### Supplied material
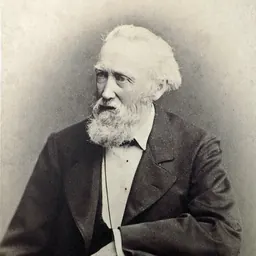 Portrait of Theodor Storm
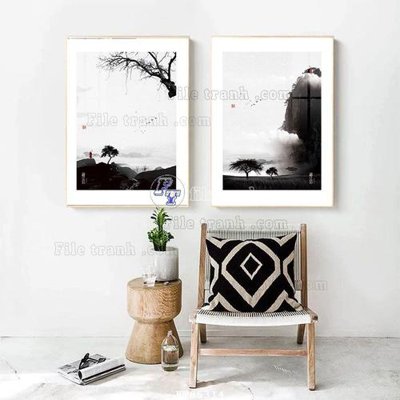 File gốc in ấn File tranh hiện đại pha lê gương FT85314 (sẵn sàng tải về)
* * *
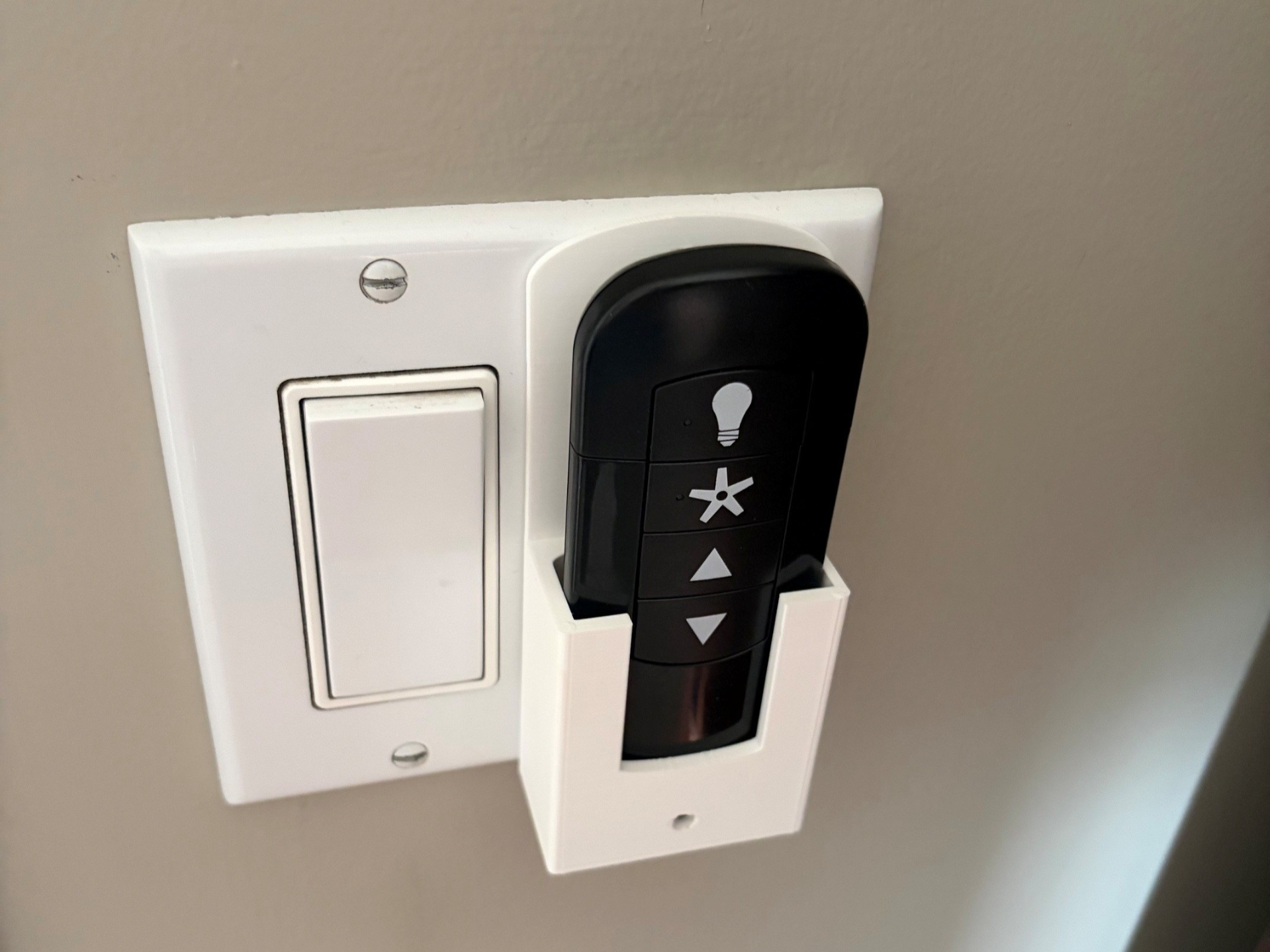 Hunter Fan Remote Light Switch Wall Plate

### What you have to do
Keep to the lines above from the line with "Portrait of Theodor Storm" to the line with "File gốc in", and set down exactly those, inclusive, with nothing else and every picture left out.

### Task result
 Portrait of Theodor Storm
 File gốc in ấn File tranh hiện đại pha lê gương FT85314 (sẵn sàng tải về)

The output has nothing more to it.